Sono entrato a Roma nella città eterna intorno alle 7 del mattino di lunedì 21 marzo. Alle 7.30 ero presso la basilica di Santa Sofia dove ho lasciato Marina, Alimi e i loro due piccoli che, dopo una prima accoglienza, sono stati presi in carico dalla Protezione civile.

L’obiettivo era stato raggiunto. Ero stanco ma felice anche se, dentro di me, avvertivo un senso di inadeguatezza, di pochezza. Mentre rientravo a casa, infatti, pensavo che forse si poteva fare di più o meglio, o forse fare altro ancora. Insomma, un retrogusto un po’ amaro… Ma la risposta del buon Dio non si fece attendere.
A fornirmela, una frase di santa Giuseppina Vannini, fondatrice delle Figlie di san Camillo, e nella quale mi sono imbattuto visitando la Casa generalizia delle Suore Camilliane di Grottaferrata, piccolo centro alle porte di Roma, durante il consueto ritiro mensile della mia comunità. “Nulla – scriveva Madre Vannini – è piccolo davanti al Signore, quando si opera con grande amore a Lui!”. La commozione e la pace hanno subito inondato tutto il mio cuore.

Oggi, a distanza di qualche settimana, continuiamo a seguire questa famiglia anche grazie all’aiuto provvidenziale di Alina, una donna ucraina conosciuta circa due settimane prima del viaggio in Polonia.

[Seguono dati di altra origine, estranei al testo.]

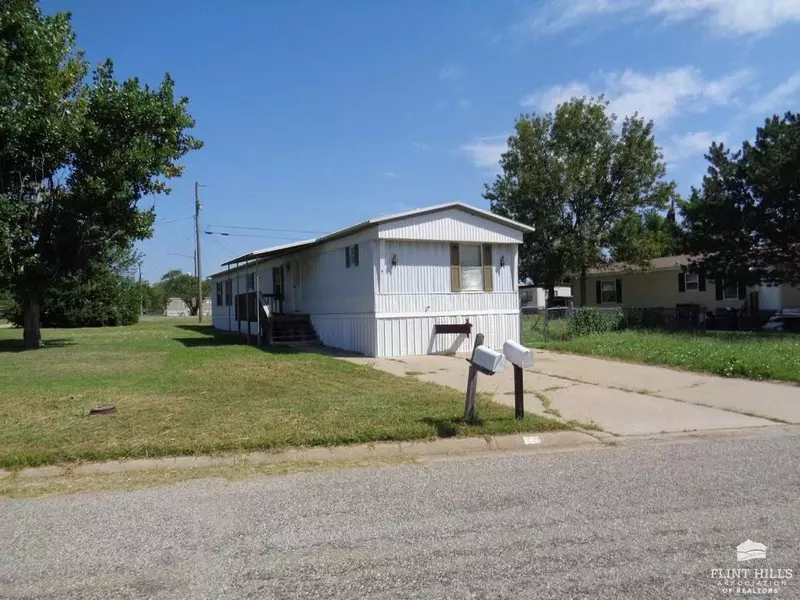 224 Locust ST, Junction City, KS 66441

Estremamente disponibile e sensibile, Alina, indispensabile per comunicare con i nostri amici ucraini, da subito ha preso a cuore le sorti di questa e altre famiglie ucraine giunte in Italia.

Conclusioni

La storia che ho raccontato è solo per la maggior gloria della Trinità e di Maria nostra madre e del Cielo. Perché il nostro Dio è risorto, è vivo e operante nelle nostre vite per opera dello Spirito Santo. “Dio è amore” scrive san Giovanni e continua ad amarci nonostante le nostre infedeltà e i nostri tradimenti. Questa storia è un solo un piccolo semplice racconto del Suo grande amore per l’umanità. Molto piccolo, infinitesimo, ma estremamente vero.